## About this task
Begin at the line containing "3D Embroidered Satin" in the records below, end at the line containing "Men'S Vintage Formal", and retype each line in that span exactly. No other line and no image should appear.

## Data section
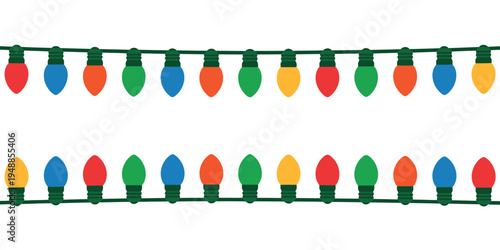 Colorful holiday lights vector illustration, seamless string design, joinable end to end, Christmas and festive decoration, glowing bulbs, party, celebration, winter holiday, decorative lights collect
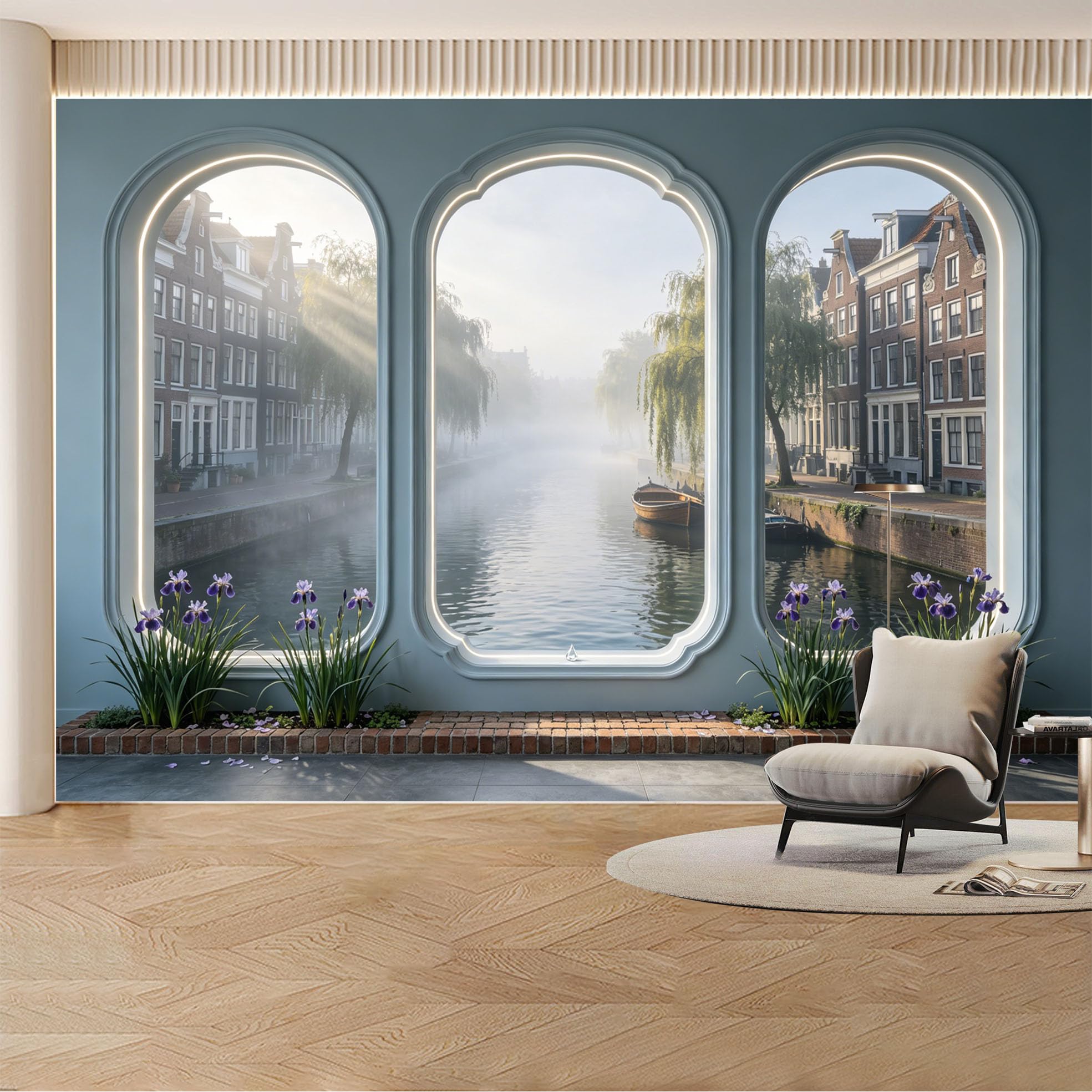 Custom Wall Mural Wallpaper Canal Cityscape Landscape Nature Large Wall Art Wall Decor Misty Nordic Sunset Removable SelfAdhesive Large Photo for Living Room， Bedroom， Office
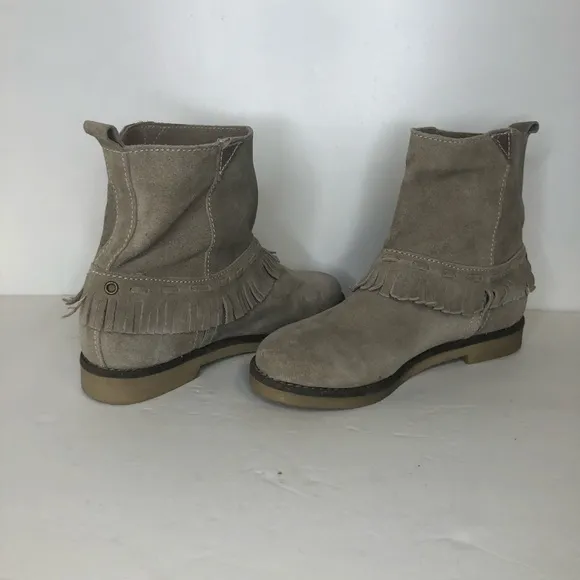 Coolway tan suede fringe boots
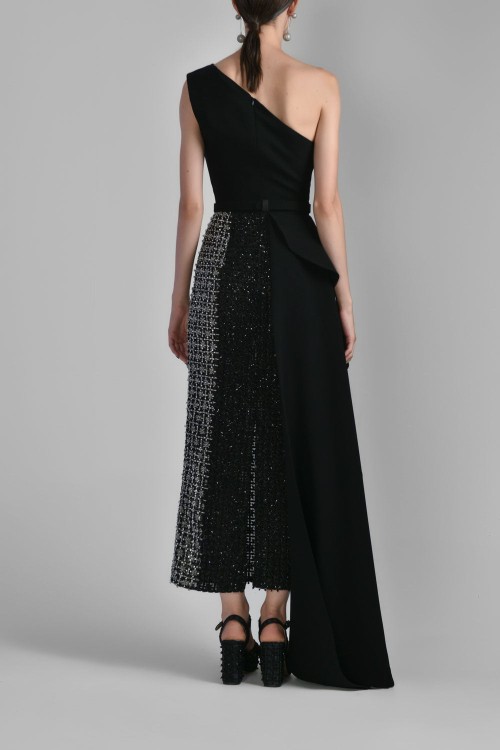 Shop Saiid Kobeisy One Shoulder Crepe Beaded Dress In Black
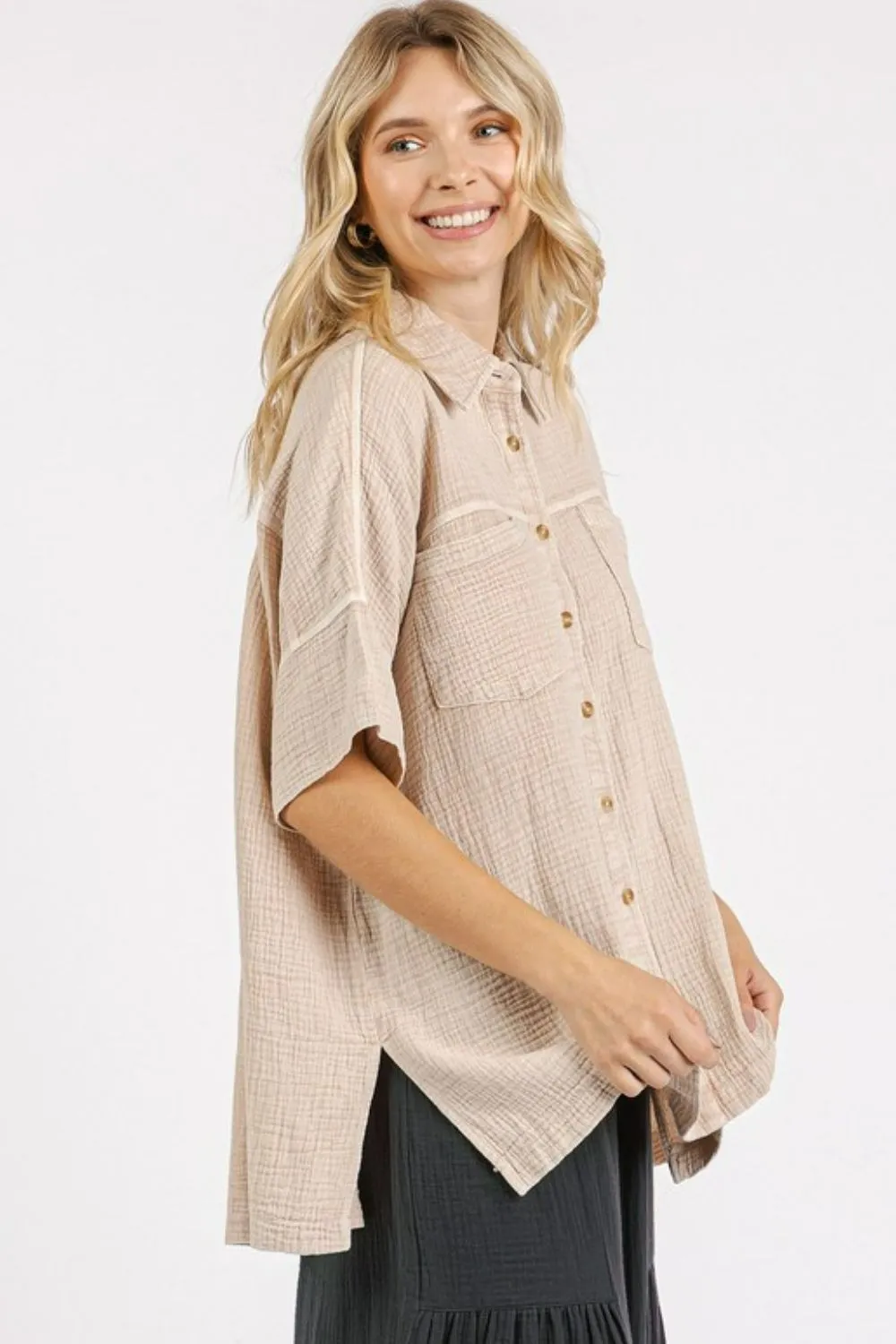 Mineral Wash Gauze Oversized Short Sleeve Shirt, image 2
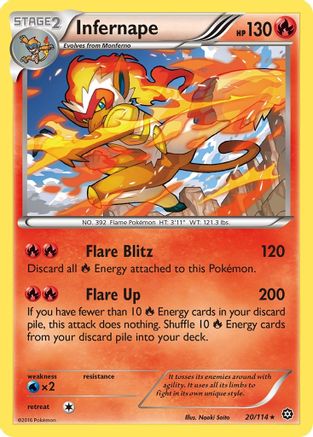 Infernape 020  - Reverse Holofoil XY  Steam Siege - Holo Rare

---

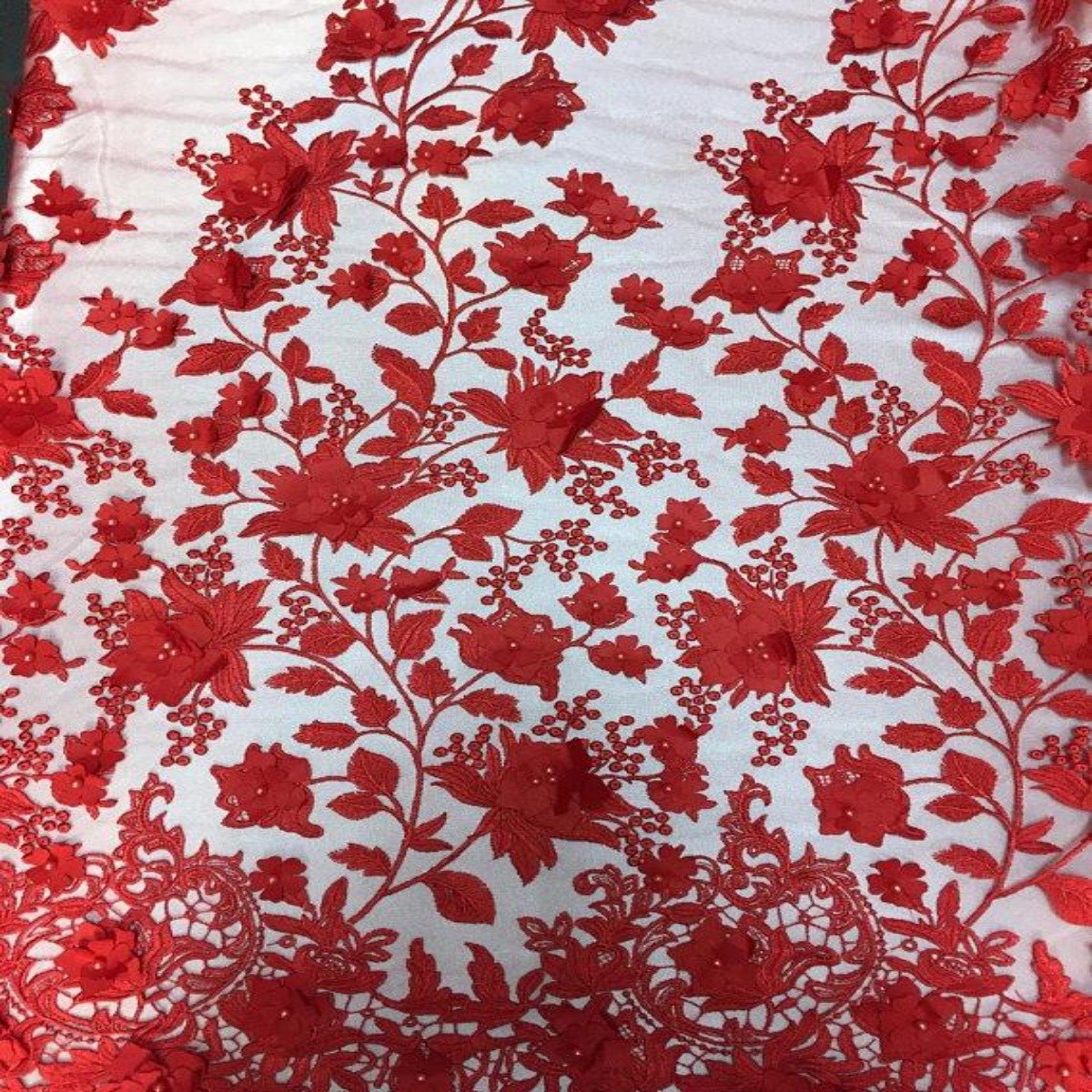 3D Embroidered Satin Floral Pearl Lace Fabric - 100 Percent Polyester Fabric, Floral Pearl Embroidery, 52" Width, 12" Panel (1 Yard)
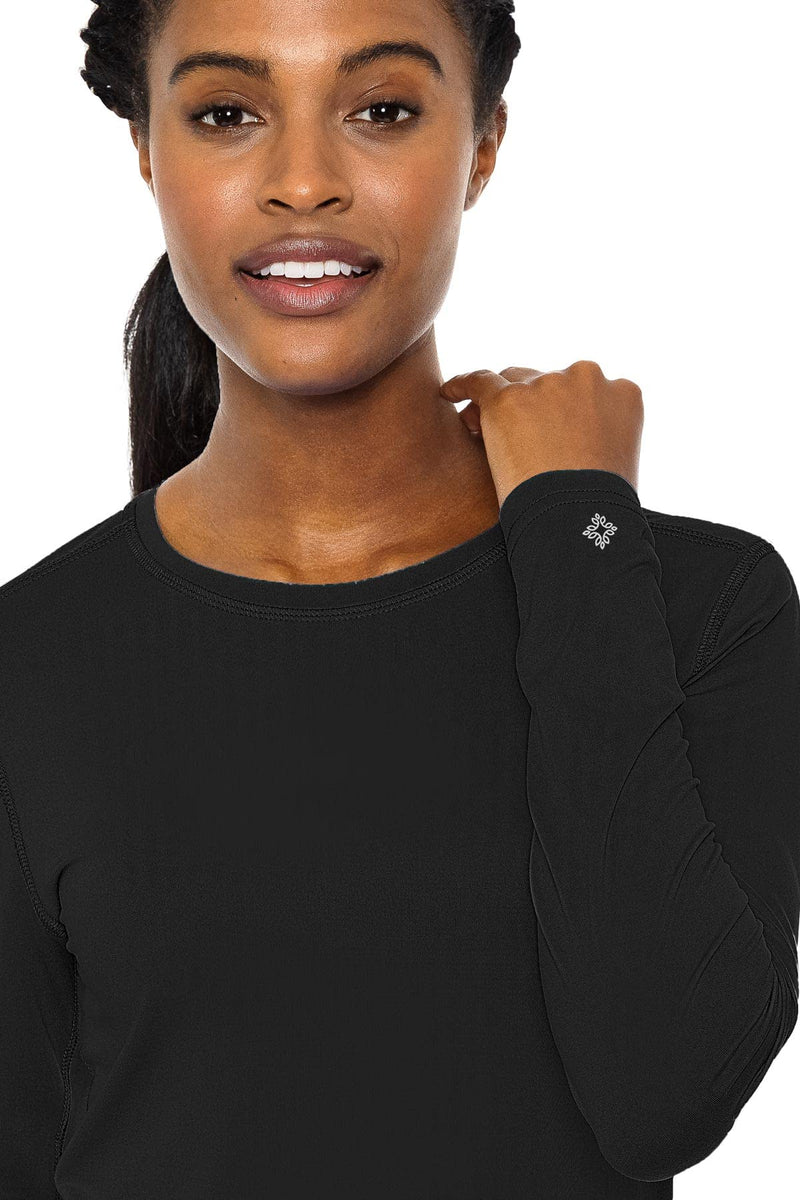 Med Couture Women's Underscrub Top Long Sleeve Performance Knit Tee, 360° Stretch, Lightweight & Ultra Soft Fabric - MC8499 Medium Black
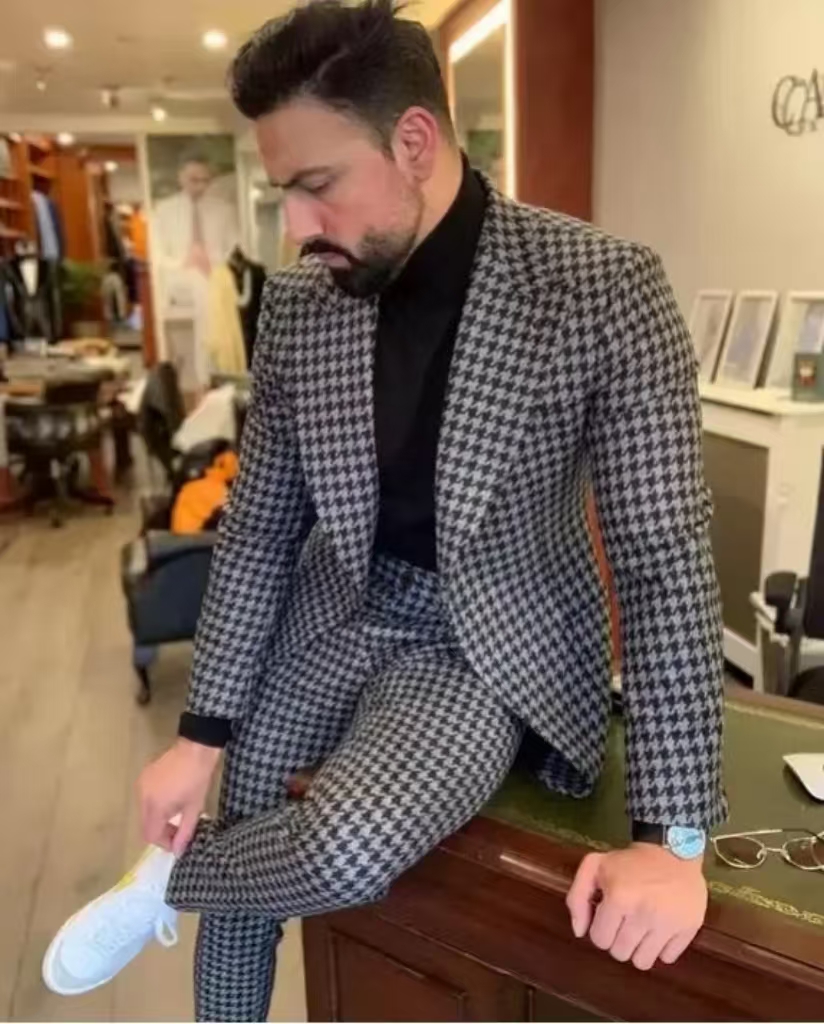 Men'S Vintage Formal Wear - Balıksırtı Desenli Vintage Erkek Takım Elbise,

## Your response
 3D Embroidered Satin Floral Pearl Lace Fabric - 100 Percent Polyester Fabric, Floral Pearl Embroidery, 52" Width, 12" Panel (1 Yard)
 Med Couture Women's Underscrub Top Long Sleeve Performance Knit Tee, 360° Stretch, Lightweight & Ultra Soft Fabric - MC8499 Medium Black
 Men'S Vintage Formal Wear - Balıksırtı Desenli Vintage Erkek Takım Elbise,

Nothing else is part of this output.